*About this task*:
All the data below should be printed again without a single difference.

*Provided data*:

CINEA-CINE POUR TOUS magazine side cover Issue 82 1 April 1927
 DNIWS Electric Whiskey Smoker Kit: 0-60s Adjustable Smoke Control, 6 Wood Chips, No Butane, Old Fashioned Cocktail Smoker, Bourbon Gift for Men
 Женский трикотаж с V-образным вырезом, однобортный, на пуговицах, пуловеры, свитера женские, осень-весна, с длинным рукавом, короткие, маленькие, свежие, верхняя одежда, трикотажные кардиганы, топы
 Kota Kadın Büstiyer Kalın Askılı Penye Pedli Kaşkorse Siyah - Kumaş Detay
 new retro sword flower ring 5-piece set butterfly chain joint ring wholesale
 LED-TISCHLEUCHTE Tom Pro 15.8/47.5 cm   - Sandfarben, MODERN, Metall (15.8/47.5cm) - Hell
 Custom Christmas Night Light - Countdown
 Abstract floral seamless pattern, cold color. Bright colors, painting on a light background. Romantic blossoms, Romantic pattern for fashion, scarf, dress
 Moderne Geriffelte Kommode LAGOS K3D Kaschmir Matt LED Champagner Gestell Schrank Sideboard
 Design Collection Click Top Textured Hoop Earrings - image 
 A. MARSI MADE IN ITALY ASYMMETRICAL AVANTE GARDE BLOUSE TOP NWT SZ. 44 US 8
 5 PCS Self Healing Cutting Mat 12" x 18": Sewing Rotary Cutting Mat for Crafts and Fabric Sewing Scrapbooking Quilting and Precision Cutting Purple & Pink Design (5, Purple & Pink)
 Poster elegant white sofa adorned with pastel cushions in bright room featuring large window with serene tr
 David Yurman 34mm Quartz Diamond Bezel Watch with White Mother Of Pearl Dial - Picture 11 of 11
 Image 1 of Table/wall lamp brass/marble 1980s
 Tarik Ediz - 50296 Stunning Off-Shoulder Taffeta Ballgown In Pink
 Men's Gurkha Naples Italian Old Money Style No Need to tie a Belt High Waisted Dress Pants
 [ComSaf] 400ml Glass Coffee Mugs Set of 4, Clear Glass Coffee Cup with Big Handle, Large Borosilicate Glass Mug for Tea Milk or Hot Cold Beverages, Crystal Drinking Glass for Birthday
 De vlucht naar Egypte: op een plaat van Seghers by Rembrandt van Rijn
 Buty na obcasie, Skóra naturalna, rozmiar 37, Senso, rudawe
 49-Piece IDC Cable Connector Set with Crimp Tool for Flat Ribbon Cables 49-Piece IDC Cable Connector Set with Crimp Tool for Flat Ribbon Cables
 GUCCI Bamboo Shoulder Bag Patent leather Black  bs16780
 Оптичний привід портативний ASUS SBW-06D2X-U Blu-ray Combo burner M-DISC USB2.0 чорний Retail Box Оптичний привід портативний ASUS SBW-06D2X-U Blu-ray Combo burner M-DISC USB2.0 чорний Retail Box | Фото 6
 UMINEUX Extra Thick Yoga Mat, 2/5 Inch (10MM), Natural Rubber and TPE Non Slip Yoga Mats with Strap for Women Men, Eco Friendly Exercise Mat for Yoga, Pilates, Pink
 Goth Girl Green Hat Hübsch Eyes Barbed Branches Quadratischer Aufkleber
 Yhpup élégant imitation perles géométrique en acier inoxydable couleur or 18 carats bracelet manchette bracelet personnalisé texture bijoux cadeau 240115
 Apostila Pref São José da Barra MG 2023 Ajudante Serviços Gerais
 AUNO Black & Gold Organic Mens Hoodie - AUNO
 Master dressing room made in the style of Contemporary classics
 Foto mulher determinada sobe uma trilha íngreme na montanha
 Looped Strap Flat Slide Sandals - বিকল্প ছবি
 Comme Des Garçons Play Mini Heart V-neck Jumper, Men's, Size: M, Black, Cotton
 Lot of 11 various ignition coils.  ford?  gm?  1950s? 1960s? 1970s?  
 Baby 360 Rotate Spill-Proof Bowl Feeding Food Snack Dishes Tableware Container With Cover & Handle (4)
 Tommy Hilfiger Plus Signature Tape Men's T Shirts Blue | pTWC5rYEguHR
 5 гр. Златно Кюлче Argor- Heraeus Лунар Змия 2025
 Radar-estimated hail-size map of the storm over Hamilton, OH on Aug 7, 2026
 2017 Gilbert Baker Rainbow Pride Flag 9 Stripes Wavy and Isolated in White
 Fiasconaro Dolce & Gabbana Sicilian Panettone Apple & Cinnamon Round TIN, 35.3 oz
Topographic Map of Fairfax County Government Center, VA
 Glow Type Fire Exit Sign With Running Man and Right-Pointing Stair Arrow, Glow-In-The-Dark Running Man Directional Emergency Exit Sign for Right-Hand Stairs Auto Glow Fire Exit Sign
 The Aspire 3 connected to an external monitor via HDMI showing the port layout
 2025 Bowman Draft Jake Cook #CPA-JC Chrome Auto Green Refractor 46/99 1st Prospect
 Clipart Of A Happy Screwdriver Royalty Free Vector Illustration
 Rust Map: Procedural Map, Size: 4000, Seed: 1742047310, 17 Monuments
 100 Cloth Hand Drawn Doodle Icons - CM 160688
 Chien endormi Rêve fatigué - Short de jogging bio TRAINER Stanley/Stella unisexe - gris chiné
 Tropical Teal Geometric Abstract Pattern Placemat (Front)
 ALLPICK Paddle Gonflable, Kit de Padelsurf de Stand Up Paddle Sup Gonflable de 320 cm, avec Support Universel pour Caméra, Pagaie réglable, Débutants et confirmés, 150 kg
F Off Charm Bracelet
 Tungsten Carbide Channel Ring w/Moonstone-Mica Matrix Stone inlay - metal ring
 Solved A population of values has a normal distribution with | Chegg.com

*Output of the task*:
CINEA-CINE POUR TOUS magazine side cover Issue 82 1 April 1927
 DNIWS Electric Whiskey Smoker Kit: 0-60s Adjustable Smoke Control, 6 Wood Chips, No Butane, Old Fashioned Cocktail Smoker, Bourbon Gift for Men
 Женский трикотаж с V-образным вырезом, однобортный, на пуговицах, пуловеры, свитера женские, осень-весна, с длинным рукавом, короткие, маленькие, свежие, верхняя одежда, трикотажные кардиганы, топы
 Kota Kadın Büstiyer Kalın Askılı Penye Pedli Kaşkorse Siyah - Kumaş Detay
 new retro sword flower ring 5-piece set butterfly chain joint ring wholesale
 LED-TISCHLEUCHTE Tom Pro 15.8/47.5 cm   - Sandfarben, MODERN, Metall (15.8/47.5cm) - Hell
 Custom Christmas Night Light - Countdown
 Abstract floral seamless pattern, cold color. Bright colors, painting on a light background. Romantic blossoms, Romantic pattern for fashion, scarf, dress
 Moderne Geriffelte Kommode LAGOS K3D Kaschmir Matt LED Champagner Gestell Schrank Sideboard
 Design Collection Click Top Textured Hoop Earrings - image 
 A. MARSI MADE IN ITALY ASYMMETRICAL AVANTE GARDE BLOUSE TOP NWT SZ. 44 US 8
 5 PCS Self Healing Cutting Mat 12" x 18": Sewing Rotary Cutting Mat for Crafts and Fabric Sewing Scrapbooking Quilting and Precision Cutting Purple & Pink Design (5, Purple & Pink)
 Poster elegant white sofa adorned with pastel cushions in bright room featuring large window with serene tr
 David Yurman 34mm Quartz Diamond Bezel Watch with White Mother Of Pearl Dial - Picture 11 of 11
 Image 1 of Table/wall lamp brass/marble 1980s
 Tarik Ediz - 50296 Stunning Off-Shoulder Taffeta Ballgown In Pink
 Men's Gurkha Naples Italian Old Money Style No Need to tie a Belt High Waisted Dress Pants
 [ComSaf] 400ml Glass Coffee Mugs Set of 4, Clear Glass Coffee Cup with Big Handle, Large Borosilicate Glass Mug for Tea Milk or Hot Cold Beverages, Crystal Drinking Glass for Birthday
 De vlucht naar Egypte: op een plaat van Seghers by Rembrandt van Rijn
 Buty na obcasie, Skóra naturalna, rozmiar 37, Senso, rudawe
 49-Piece IDC Cable Connector Set with Crimp Tool for Flat Ribbon Cables 49-Piece IDC Cable Connector Set with Crimp Tool for Flat Ribbon Cables
 GUCCI Bamboo Shoulder Bag Patent leather Black  bs16780
 Оптичний привід портативний ASUS SBW-06D2X-U Blu-ray Combo burner M-DISC USB2.0 чорний Retail Box Оптичний привід портативний ASUS SBW-06D2X-U Blu-ray Combo burner M-DISC USB2.0 чорний Retail Box | Фото 6
 UMINEUX Extra Thick Yoga Mat, 2/5 Inch (10MM), Natural Rubber and TPE Non Slip Yoga Mats with Strap for Women Men, Eco Friendly Exercise Mat for Yoga, Pilates, Pink
 Goth Girl Green Hat Hübsch Eyes Barbed Branches Quadratischer Aufkleber
 Yhpup élégant imitation perles géométrique en acier inoxydable couleur or 18 carats bracelet manchette bracelet personnalisé texture bijoux cadeau 240115
 Apostila Pref São José da Barra MG 2023 Ajudante Serviços Gerais
 AUNO Black & Gold Organic Mens Hoodie - AUNO
 Master dressing room made in the style of Contemporary classics
 Foto mulher determinada sobe uma trilha íngreme na montanha
 Looped Strap Flat Slide Sandals - বিকল্প ছবি
 Comme Des Garçons Play Mini Heart V-neck Jumper, Men's, Size: M, Black, Cotton
 Lot of 11 various ignition coils.  ford?  gm?  1950s? 1960s? 1970s?  
 Baby 360 Rotate Spill-Proof Bowl Feeding Food Snack Dishes Tableware Container With Cover & Handle (4)
 Tommy Hilfiger Plus Signature Tape Men's T Shirts Blue | pTWC5rYEguHR
 5 гр. Златно Кюлче Argor- Heraeus Лунар Змия 2025
 Radar-estimated hail-size map of the storm over Hamilton, OH on Aug 7, 2026
 2017 Gilbert Baker Rainbow Pride Flag 9 Stripes Wavy and Isolated in White
 Fiasconaro Dolce & Gabbana Sicilian Panettone Apple & Cinnamon Round TIN, 35.3 oz
Topographic Map of Fairfax County Government Center, VA
 Glow Type Fire Exit Sign With Running Man and Right-Pointing Stair Arrow, Glow-In-The-Dark Running Man Directional Emergency Exit Sign for Right-Hand Stairs Auto Glow Fire Exit Sign
 The Aspire 3 connected to an external monitor via HDMI showing the port layout
 2025 Bowman Draft Jake Cook #CPA-JC Chrome Auto Green Refractor 46/99 1st Prospect
 Clipart Of A Happy Screwdriver Royalty Free Vector Illustration
 Rust Map: Procedural Map, Size: 4000, Seed: 1742047310, 17 Monuments
 100 Cloth Hand Drawn Doodle Icons - CM 160688
 Chien endormi Rêve fatigué - Short de jogging bio TRAINER Stanley/Stella unisexe - gris chiné
 Tropical Teal Geometric Abstract Pattern Placemat (Front)
 ALLPICK Paddle Gonflable, Kit de Padelsurf de Stand Up Paddle Sup Gonflable de 320 cm, avec Support Universel pour Caméra, Pagaie réglable, Débutants et confirmés, 150 kg
F Off Charm Bracelet
 Tungsten Carbide Channel Ring w/Moonstone-Mica Matrix Stone inlay - metal ring
 Solved A population of values has a normal distribution with | Chegg.com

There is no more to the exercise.